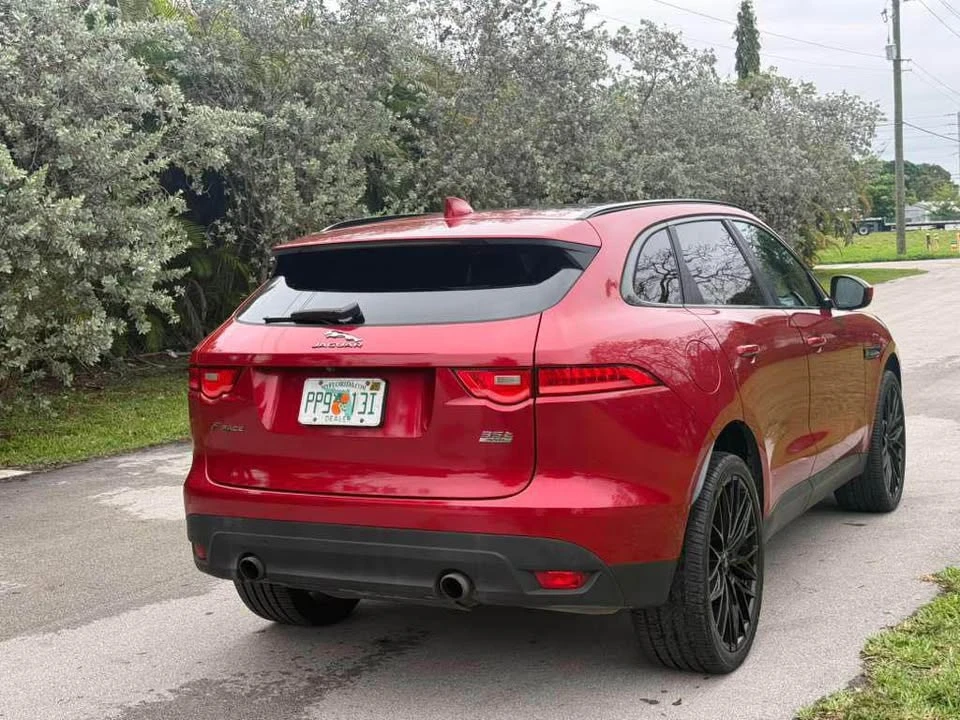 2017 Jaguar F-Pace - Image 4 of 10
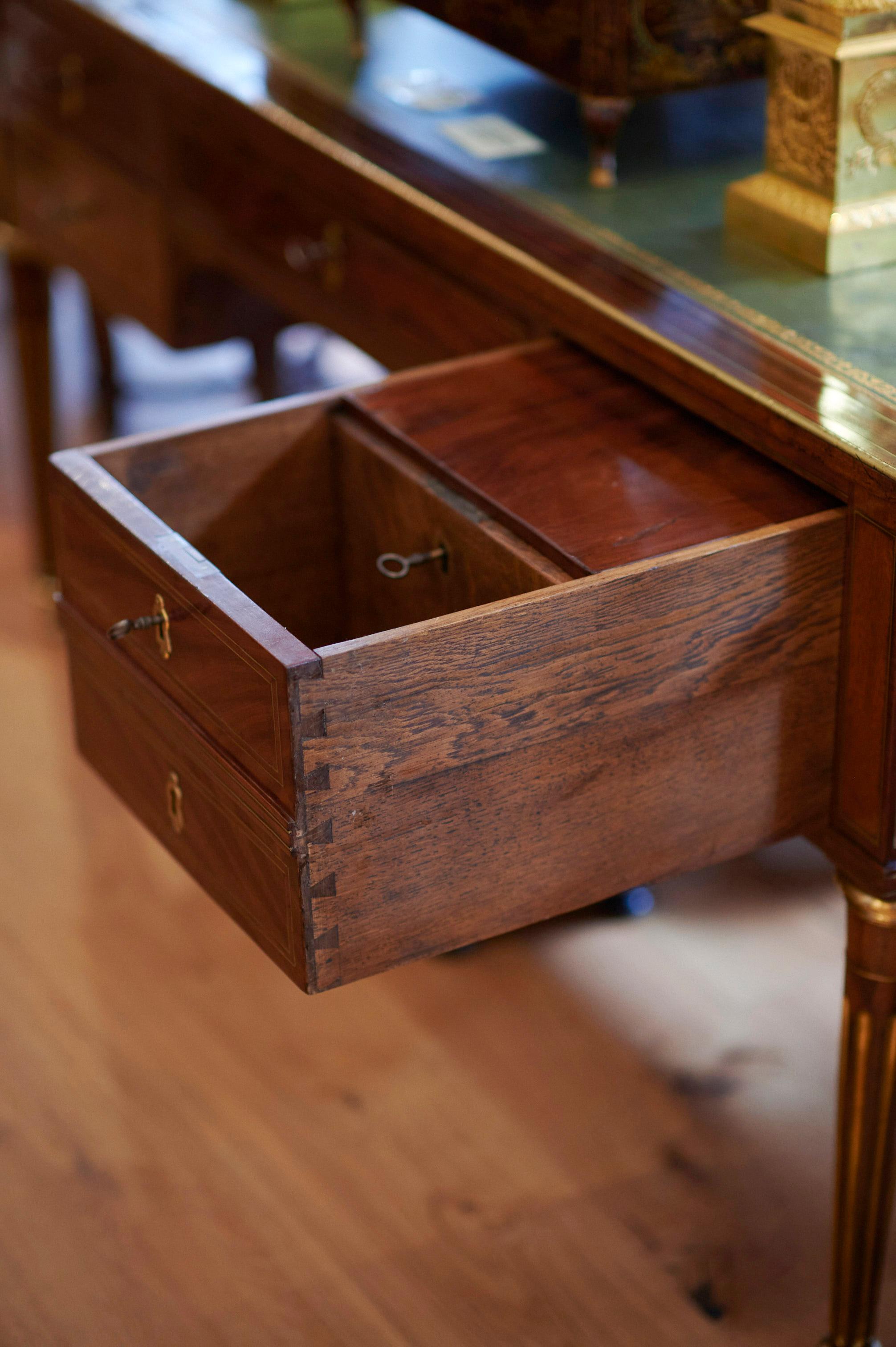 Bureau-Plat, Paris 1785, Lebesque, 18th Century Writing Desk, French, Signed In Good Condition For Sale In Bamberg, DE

---

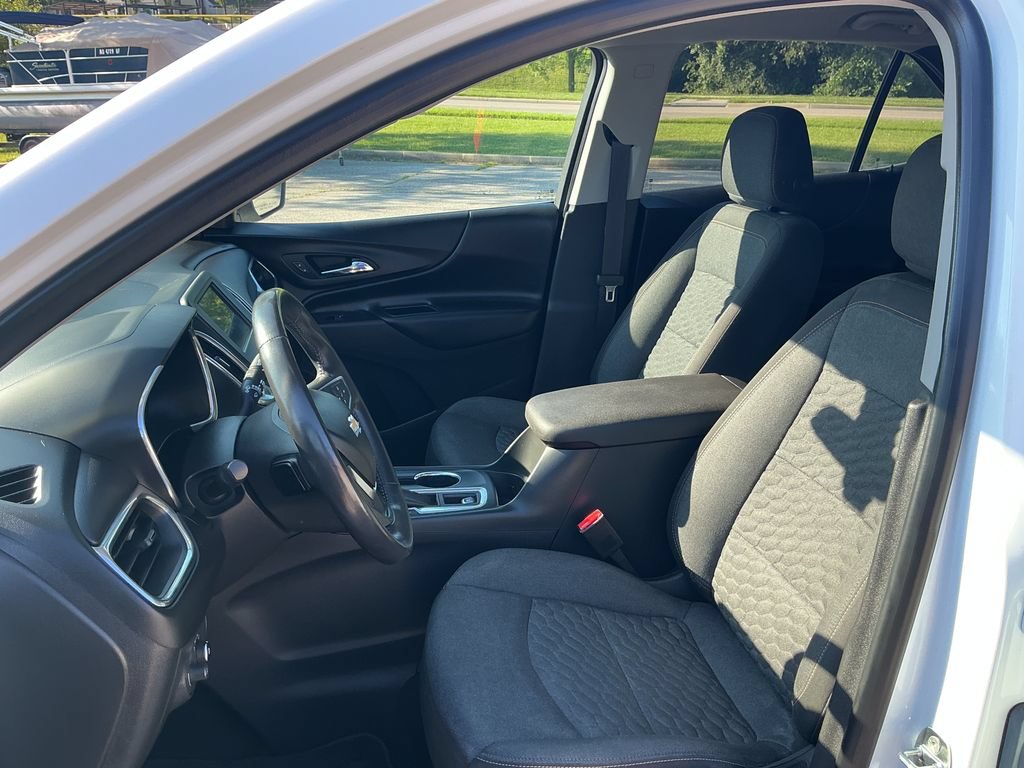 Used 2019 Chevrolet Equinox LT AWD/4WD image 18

WORK TO BE COMPLETED: Because only one stretch of the records is wanted, please output the lines from the one holding "2017 Jaguar F-Pace - Image 4 of 10" through the one holding "Bureau-Plat, Paris 1785, Lebesque, 18th" exactly, both included, and leave every picture out.

SOLUTION:
 2017 Jaguar F-Pace - Image 4 of 10
 Bureau-Plat, Paris 1785, Lebesque, 18th Century Writing Desk, French, Signed In Good Condition For Sale In Bamberg, DE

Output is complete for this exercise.